═══ DATA EXTRACT ═══
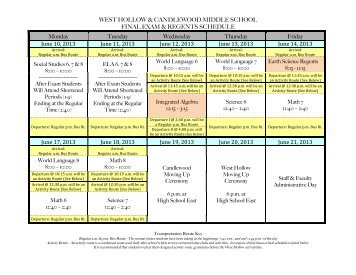 MS Final Exam Schedule w- Transportation ... - Half Hollow Hills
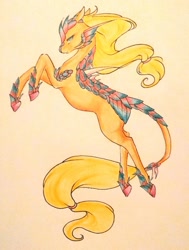 Size: 1024x1354 | Tagged: safe, artist:oneiria-fylakas, imported from derpibooru, applejack, original species, perem, pony, female, solo, species swap, traditional art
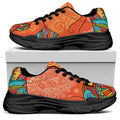 Indian Boho Hippie Elephant Print Black Chunky Shoes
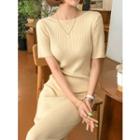 Textured Rib-knit Long Bodycon Dress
═══
§ **WORK INSTRUCTIONS**
Your copy should hold exactly the lines from the line containing "Indian Boho Hippie" through the last line of the listing above, both included, and no pictures.

§ **FINAL ANSWER**
 Indian Boho Hippie Elephant Print Black Chunky Shoes
 Textured Rib-knit Long Bodycon Dress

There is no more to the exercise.